Pope Francis' demotion of an outspoken cardinal appears to have squashed "conservative backlash" against what some call the Pope's softening stance on some social issues.
Cardinal Raymond Burke recently said the Catholic Church under Francis' direction is like "a ship without a rudder."
Burke, an American who held a powerful position in the Vatican, was demoted to a mostly ceremonial role
following his remarks.
Francis' decision to switch Burke's role within the church has silenced many of the other American bishops who were criticizing the Pope's policies and views toward issues like homosexuality, capitalism, and divorce, reports Fox News.
During a meeting last month called the Extraordinary General Assembly of the Synod of Bishops, Francis met with bishops from across the world and asked for their input on social issues and other topics that matter within the Church.
Many bishops were already unhappy with the direction in which Francis was taking the Church, and those feelings reached a boiling point, according to the Fox News report, when Francis appointed the so-called progressive leader of the church — German Cardinal Walter Kasper — to set the meeting's agenda.
A document released from the synod proposed several shifts from traditional Catholic beliefs — such as allowing divorced and remarried couples to receive Holy Communion, and instructing pastors to avoid discriminatory language.
The document was highly upsetting to many conservatives within the Church's hierarchy, and they let their feelings be known publicly. After Burke's comments, he was demoted from the prefect of the Supreme Tribunal of the Apostolic Signatura, the highest court in the Vatican, to the role of patron to the sovereign military order of Malta.
One source told Fox News the synod resulted in "a tsunami of conservative backlash" against the Pope.

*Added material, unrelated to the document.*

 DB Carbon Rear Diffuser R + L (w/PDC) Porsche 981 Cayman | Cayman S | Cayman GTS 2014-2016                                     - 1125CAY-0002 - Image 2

John Allen, the author of an upcoming book on Pope Francis, told Fox a rift now exists between Francis and several conservatives in the Church.
"There is growing ambivalence to Pope Francis in conservative Catholic circles, especially in the States," Allen said. "One [reason] is that being pro-life is the litmus test for Catholic orthodoxy that is stronger than any other place in the world, because debates over gay marriage and abortion are live here, while they have been settled elsewhere. The perception is that the Pope is soft on these issues — true or not, the perception is out there."
Some Vatican insiders who are opposed to the Pope's views vented their frustration before Burke was demoted.
"Pope Francis is fond of creating a mess," Bishop Thomas Tobin of the Diocese of Providence wrote in a blog post.
Archbishop Charles Chaput of Philadelphia said he was "disturbed" by what took place at the synod.
"I was very disturbed by what happened," Chaput said in a Religion News Service story.
"I think confusion is of the devil, and I think the public image that came across was one of confusion."